→ **What you are asked to do**
From the entries below, transcribe exactly the lines between the line holding "HPO-SF7-ZG-WL2 Patio-Sofas-Daybeds - View" and the line holding "Brown leather wallet", inclusive; skip all other lines.
====================
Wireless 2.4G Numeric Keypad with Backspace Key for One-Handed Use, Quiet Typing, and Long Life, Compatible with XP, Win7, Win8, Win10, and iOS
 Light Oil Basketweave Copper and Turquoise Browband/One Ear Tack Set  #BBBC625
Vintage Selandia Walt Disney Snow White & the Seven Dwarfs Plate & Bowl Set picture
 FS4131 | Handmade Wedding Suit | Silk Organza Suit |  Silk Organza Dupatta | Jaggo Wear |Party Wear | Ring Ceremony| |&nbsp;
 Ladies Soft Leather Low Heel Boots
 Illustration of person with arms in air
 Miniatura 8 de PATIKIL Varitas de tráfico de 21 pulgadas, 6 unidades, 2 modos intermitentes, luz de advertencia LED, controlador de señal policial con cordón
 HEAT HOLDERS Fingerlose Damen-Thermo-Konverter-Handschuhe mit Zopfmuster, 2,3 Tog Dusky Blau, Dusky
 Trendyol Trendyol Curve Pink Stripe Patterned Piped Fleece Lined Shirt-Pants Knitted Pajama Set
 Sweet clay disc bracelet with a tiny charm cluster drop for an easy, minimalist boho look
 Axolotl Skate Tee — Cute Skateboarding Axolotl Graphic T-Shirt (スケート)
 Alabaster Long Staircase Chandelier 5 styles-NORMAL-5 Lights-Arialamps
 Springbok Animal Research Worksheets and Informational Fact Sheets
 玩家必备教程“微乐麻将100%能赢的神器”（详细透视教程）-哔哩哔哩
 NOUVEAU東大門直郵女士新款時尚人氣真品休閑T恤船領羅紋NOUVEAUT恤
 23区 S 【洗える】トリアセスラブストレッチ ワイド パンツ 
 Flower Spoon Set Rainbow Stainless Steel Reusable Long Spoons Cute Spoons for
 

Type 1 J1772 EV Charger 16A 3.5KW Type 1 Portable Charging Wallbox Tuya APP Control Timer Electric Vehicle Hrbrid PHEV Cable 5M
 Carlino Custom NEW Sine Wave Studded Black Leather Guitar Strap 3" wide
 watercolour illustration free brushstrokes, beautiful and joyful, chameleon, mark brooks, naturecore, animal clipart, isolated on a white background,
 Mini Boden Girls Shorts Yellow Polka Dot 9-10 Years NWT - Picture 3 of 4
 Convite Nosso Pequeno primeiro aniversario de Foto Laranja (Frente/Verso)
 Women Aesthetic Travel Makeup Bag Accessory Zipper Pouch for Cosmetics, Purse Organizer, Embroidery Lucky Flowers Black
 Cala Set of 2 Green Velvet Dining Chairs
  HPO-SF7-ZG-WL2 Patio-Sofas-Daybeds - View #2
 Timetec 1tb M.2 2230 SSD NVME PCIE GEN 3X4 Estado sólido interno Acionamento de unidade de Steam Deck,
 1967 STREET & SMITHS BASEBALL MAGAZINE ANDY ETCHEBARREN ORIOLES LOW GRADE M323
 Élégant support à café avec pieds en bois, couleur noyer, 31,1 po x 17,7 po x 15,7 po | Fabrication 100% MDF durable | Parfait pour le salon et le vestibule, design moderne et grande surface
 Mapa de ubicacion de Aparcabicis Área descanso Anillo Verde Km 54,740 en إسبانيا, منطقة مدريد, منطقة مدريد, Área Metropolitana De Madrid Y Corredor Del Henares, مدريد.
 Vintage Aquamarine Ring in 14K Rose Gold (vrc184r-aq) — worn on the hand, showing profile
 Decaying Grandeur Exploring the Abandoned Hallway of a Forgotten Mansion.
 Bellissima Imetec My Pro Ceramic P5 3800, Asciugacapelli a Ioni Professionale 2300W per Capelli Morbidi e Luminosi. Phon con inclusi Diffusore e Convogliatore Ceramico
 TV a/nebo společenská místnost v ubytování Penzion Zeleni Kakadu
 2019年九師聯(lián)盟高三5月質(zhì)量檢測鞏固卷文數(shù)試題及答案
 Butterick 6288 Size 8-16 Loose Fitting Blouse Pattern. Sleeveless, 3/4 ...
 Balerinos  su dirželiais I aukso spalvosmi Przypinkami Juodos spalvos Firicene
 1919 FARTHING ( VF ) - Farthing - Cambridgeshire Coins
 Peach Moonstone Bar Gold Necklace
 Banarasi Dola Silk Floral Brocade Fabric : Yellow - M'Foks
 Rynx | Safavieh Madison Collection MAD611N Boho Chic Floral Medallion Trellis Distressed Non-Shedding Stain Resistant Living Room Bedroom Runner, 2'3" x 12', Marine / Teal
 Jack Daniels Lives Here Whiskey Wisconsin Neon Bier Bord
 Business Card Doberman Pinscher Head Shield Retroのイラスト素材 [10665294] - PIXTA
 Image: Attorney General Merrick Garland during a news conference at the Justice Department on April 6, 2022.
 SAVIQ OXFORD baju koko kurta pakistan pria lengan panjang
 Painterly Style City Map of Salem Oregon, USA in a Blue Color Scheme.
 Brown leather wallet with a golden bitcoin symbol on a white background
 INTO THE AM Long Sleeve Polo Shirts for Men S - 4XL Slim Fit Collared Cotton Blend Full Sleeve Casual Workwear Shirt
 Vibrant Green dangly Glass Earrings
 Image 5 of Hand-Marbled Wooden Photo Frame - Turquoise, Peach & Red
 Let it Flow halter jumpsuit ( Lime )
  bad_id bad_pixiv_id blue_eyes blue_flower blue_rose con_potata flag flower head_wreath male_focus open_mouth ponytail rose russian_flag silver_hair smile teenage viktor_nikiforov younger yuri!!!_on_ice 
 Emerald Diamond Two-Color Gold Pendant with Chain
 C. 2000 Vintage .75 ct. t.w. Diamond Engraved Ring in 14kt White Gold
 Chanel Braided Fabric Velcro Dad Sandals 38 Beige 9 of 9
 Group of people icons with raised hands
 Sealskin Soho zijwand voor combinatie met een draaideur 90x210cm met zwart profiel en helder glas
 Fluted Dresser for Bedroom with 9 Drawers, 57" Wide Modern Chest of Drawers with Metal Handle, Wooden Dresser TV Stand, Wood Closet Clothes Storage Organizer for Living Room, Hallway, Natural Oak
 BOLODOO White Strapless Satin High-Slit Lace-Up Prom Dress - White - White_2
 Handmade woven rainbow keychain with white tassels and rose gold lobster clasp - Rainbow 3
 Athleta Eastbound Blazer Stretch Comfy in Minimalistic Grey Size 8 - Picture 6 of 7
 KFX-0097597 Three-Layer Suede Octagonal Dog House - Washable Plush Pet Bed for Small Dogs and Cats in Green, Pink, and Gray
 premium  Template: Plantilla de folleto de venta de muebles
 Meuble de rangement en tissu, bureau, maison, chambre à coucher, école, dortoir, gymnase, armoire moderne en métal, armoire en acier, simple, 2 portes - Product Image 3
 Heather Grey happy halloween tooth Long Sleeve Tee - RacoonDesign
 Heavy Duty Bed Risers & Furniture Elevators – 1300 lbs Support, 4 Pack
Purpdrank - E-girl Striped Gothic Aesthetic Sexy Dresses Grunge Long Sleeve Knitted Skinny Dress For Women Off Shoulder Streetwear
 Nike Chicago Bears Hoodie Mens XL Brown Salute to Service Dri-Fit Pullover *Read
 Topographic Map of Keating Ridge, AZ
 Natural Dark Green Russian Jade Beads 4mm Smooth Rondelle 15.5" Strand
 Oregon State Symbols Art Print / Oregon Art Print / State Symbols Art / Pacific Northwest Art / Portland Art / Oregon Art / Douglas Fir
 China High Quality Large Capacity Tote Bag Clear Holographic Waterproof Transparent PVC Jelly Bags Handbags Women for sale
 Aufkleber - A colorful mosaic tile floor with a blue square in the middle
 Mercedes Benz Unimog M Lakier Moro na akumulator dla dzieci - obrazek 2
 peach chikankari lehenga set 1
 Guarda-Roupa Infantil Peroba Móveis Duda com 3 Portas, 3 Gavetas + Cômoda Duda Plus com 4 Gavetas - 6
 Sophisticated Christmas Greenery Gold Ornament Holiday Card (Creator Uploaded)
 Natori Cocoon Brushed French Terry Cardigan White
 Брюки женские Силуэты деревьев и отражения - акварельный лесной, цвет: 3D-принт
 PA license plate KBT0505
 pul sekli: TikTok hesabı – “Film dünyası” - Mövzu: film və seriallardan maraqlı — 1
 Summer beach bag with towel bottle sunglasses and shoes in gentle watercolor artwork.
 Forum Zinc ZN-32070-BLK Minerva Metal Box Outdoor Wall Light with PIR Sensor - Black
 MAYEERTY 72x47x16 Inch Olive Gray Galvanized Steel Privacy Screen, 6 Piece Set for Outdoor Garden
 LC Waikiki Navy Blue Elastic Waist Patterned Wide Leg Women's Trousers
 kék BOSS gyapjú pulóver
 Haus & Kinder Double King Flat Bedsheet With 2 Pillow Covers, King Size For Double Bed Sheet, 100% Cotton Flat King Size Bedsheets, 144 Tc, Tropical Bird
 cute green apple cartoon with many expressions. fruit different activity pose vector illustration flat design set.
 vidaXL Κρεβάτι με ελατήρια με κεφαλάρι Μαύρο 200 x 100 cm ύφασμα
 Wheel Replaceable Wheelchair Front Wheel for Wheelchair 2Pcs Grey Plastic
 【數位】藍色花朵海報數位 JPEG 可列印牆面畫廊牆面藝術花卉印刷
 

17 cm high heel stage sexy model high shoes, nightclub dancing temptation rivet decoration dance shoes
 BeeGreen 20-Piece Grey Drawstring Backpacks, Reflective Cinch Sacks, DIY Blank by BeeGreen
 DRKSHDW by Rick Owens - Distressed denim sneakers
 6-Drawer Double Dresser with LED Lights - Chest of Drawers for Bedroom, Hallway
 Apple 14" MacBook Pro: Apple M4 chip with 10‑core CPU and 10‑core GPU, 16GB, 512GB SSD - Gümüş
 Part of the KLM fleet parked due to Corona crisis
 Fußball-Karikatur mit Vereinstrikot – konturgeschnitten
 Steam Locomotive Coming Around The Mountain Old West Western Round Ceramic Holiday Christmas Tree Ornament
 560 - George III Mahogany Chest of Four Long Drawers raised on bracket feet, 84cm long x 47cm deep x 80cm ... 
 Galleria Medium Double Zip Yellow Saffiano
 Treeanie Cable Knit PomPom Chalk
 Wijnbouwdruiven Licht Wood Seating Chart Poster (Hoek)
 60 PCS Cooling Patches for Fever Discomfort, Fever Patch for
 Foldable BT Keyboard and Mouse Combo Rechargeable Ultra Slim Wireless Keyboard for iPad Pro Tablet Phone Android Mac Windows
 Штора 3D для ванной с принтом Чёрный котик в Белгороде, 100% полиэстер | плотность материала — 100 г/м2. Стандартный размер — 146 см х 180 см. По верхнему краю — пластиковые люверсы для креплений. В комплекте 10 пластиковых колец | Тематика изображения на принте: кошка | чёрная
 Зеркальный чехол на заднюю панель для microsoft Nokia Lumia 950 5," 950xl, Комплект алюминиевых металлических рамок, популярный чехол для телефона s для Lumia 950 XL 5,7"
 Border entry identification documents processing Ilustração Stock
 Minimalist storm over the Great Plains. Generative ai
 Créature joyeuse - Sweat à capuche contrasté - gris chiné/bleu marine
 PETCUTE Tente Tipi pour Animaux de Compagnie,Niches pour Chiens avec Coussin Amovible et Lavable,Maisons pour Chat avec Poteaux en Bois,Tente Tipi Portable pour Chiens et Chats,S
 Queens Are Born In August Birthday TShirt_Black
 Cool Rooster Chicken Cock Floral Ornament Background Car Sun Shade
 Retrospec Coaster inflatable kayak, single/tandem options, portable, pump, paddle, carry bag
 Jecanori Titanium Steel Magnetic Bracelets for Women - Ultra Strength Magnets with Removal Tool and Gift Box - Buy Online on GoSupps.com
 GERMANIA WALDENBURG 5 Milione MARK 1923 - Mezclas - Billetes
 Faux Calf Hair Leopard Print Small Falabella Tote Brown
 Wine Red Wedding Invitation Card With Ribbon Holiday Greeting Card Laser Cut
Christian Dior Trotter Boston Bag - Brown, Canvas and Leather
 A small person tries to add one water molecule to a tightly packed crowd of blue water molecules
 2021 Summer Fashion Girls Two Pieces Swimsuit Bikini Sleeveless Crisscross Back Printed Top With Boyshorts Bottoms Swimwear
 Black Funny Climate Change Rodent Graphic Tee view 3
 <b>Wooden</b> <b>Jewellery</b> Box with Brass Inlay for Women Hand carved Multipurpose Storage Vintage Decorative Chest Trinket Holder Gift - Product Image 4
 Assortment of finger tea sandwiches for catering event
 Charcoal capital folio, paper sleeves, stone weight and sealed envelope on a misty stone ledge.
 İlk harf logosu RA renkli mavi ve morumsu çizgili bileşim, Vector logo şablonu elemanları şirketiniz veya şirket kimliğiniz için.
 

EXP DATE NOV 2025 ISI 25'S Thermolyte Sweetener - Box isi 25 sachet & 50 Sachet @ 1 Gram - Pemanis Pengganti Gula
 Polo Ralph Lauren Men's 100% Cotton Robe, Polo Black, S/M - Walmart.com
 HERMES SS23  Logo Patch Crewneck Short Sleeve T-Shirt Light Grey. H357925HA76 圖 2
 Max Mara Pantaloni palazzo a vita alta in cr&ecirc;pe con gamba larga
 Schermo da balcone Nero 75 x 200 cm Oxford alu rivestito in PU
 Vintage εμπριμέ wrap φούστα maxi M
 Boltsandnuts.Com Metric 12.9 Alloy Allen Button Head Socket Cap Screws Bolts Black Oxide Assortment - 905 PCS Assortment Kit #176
====================
→ **Response to the task**
  HPO-SF7-ZG-WL2 Patio-Sofas-Daybeds - View #2
 Timetec 1tb M.2 2230 SSD NVME PCIE GEN 3X4 Estado sólido interno Acionamento de unidade de Steam Deck,
 1967 STREET & SMITHS BASEBALL MAGAZINE ANDY ETCHEBARREN ORIOLES LOW GRADE M323
 Élégant support à café avec pieds en bois, couleur noyer, 31,1 po x 17,7 po x 15,7 po | Fabrication 100% MDF durable | Parfait pour le salon et le vestibule, design moderne et grande surface
 Mapa de ubicacion de Aparcabicis Área descanso Anillo Verde Km 54,740 en إسبانيا, منطقة مدريد, منطقة مدريد, Área Metropolitana De Madrid Y Corredor Del Henares, مدريد.
 Vintage Aquamarine Ring in 14K Rose Gold (vrc184r-aq) — worn on the hand, showing profile
 Decaying Grandeur Exploring the Abandoned Hallway of a Forgotten Mansion.
 Bellissima Imetec My Pro Ceramic P5 3800, Asciugacapelli a Ioni Professionale 2300W per Capelli Morbidi e Luminosi. Phon con inclusi Diffusore e Convogliatore Ceramico
 TV a/nebo společenská místnost v ubytování Penzion Zeleni Kakadu
 2019年九師聯(lián)盟高三5月質(zhì)量檢測鞏固卷文數(shù)試題及答案
 Butterick 6288 Size 8-16 Loose Fitting Blouse Pattern. Sleeveless, 3/4 ...
 Balerinos  su dirželiais I aukso spalvosmi Przypinkami Juodos spalvos Firicene
 1919 FARTHING ( VF ) - Farthing - Cambridgeshire Coins
 Peach Moonstone Bar Gold Necklace
 Banarasi Dola Silk Floral Brocade Fabric : Yellow - M'Foks
 Rynx | Safavieh Madison Collection MAD611N Boho Chic Floral Medallion Trellis Distressed Non-Shedding Stain Resistant Living Room Bedroom Runner, 2'3" x 12', Marine / Teal
 Jack Daniels Lives Here Whiskey Wisconsin Neon Bier Bord
 Business Card Doberman Pinscher Head Shield Retroのイラスト素材 [10665294] - PIXTA
 Image: Attorney General Merrick Garland during a news conference at the Justice Department on April 6, 2022.
 SAVIQ OXFORD baju koko kurta pakistan pria lengan panjang
 Painterly Style City Map of Salem Oregon, USA in a Blue Color Scheme.
 Brown leather wallet with a golden bitcoin symbol on a white background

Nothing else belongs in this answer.